→ HOW TO COMPLETE THIS TASK
Of all the lines in the entries below, give again exactly those starting at the line containing "Gecheer Trommelventilator Neigbar" and ending at the line containing "Kit 3 Frigideiras", both ends included, and no others.

→ THE DATA
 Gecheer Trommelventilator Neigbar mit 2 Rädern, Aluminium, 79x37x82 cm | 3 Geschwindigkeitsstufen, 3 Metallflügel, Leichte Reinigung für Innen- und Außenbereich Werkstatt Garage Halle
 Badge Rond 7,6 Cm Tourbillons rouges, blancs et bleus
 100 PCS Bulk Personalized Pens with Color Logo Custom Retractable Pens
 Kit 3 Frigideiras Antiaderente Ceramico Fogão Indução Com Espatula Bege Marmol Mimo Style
---
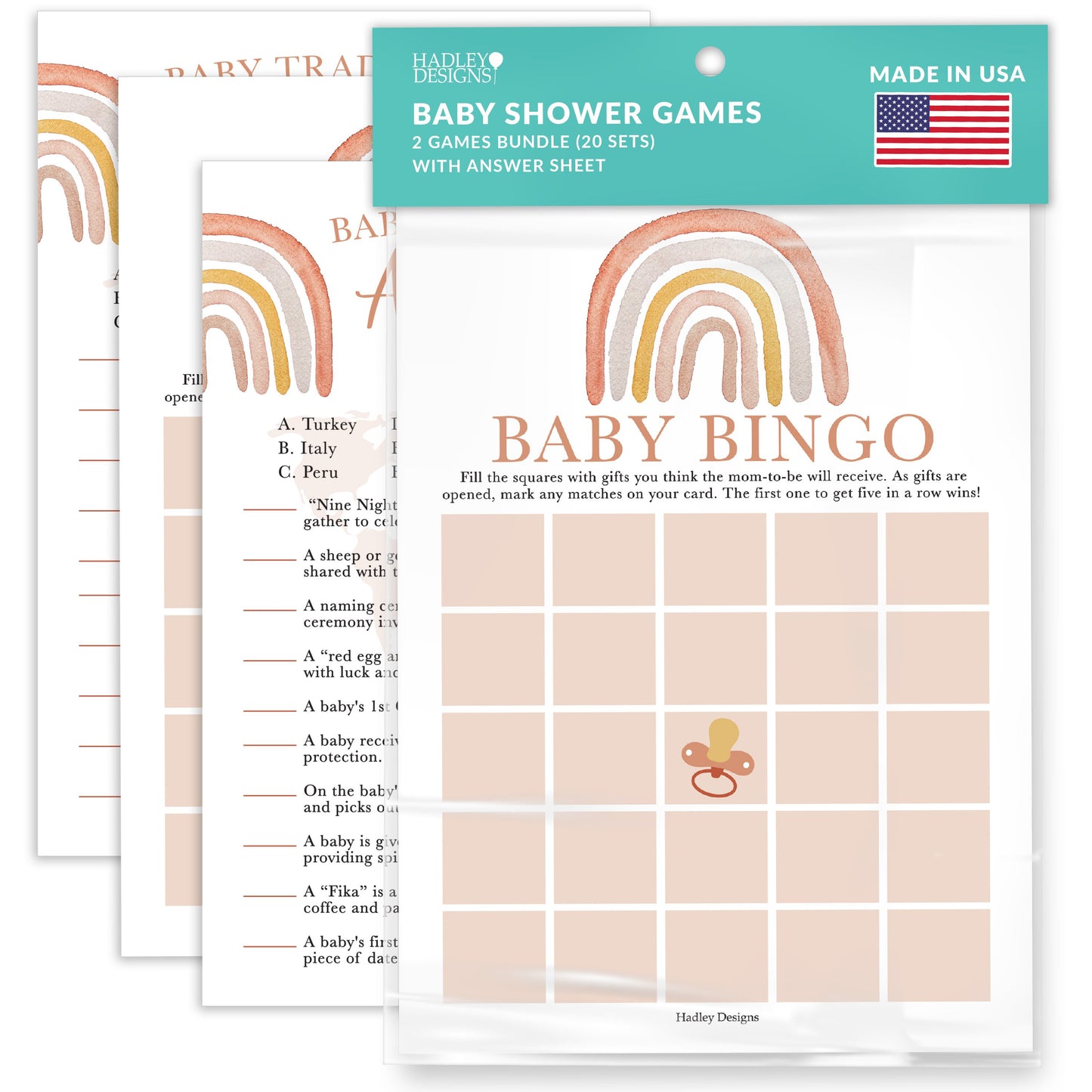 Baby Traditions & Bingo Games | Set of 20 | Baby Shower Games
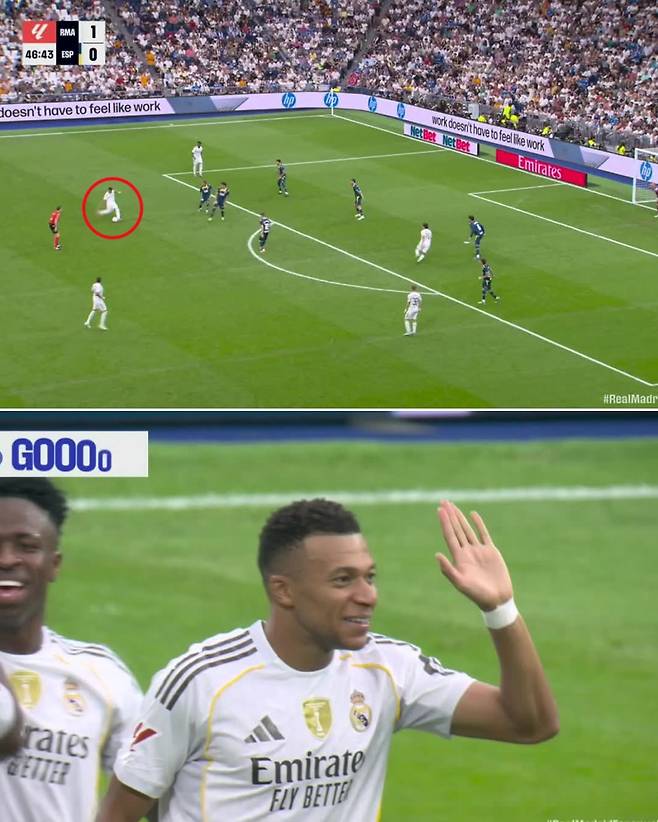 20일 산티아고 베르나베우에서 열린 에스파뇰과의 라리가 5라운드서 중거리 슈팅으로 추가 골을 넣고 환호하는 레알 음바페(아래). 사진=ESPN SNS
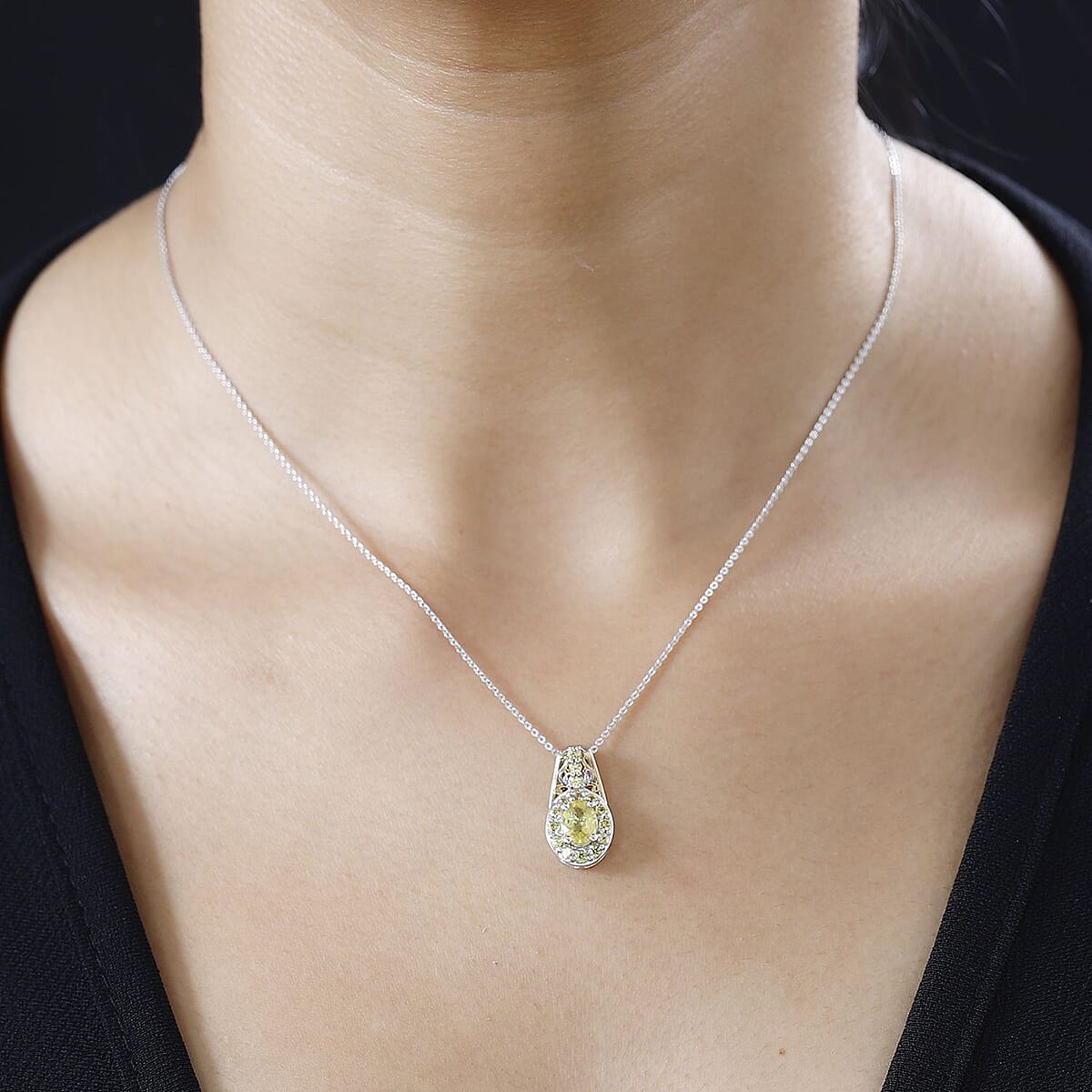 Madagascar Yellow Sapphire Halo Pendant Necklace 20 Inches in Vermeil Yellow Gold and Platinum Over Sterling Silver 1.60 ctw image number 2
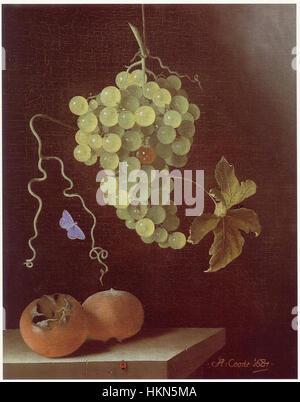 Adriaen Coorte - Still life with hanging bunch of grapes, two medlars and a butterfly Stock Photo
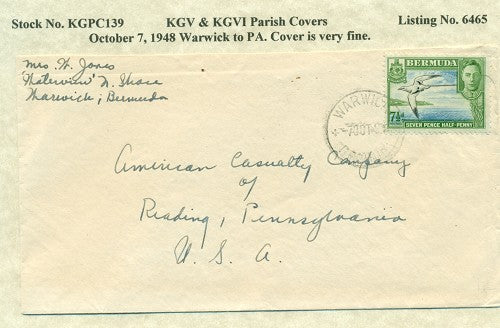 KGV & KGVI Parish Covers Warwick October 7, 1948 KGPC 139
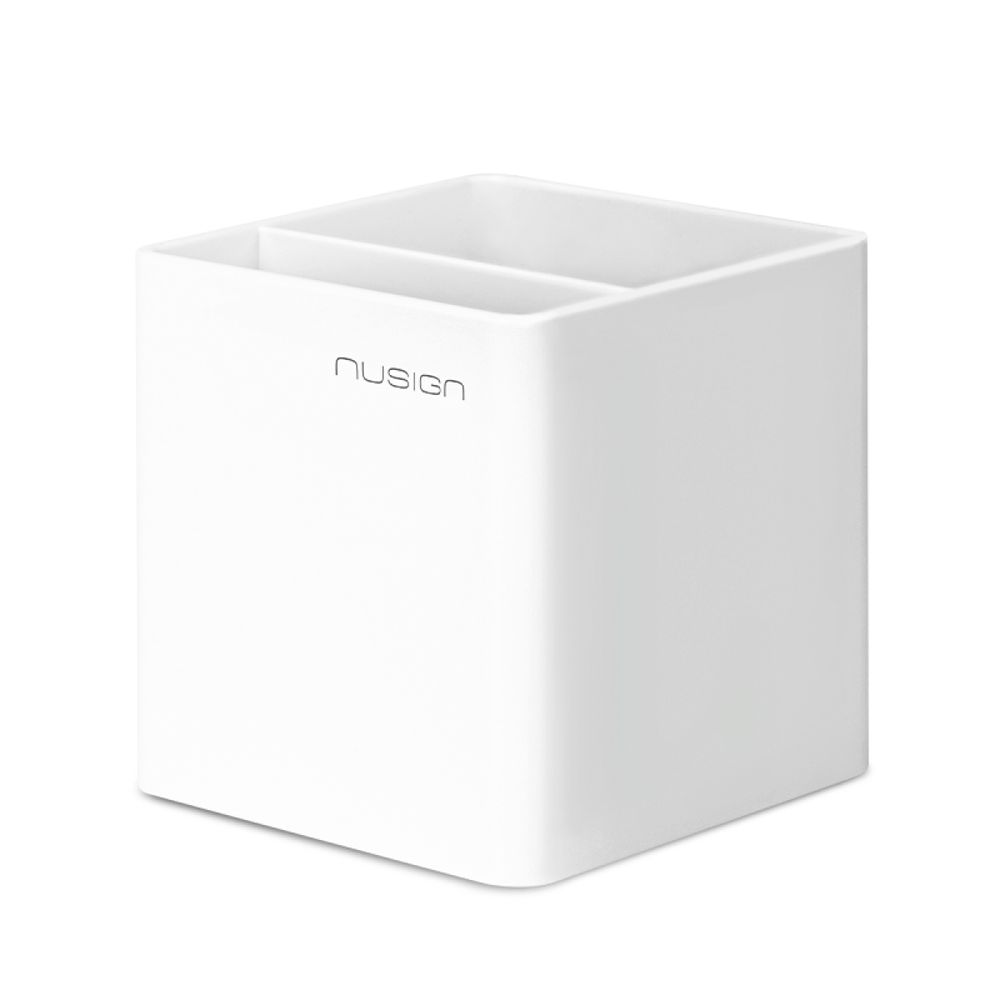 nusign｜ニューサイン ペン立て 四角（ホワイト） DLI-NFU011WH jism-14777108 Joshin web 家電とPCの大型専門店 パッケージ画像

→ ANSWER TO THIS PROBLEM
 Gecheer Trommelventilator Neigbar mit 2 Rädern, Aluminium, 79x37x82 cm | 3 Geschwindigkeitsstufen, 3 Metallflügel, Leichte Reinigung für Innen- und Außenbereich Werkstatt Garage Halle
 Badge Rond 7,6 Cm Tourbillons rouges, blancs et bleus
 100 PCS Bulk Personalized Pens with Color Logo Custom Retractable Pens
 Kit 3 Frigideiras Antiaderente Ceramico Fogão Indução Com Espatula Bege Marmol Mimo Style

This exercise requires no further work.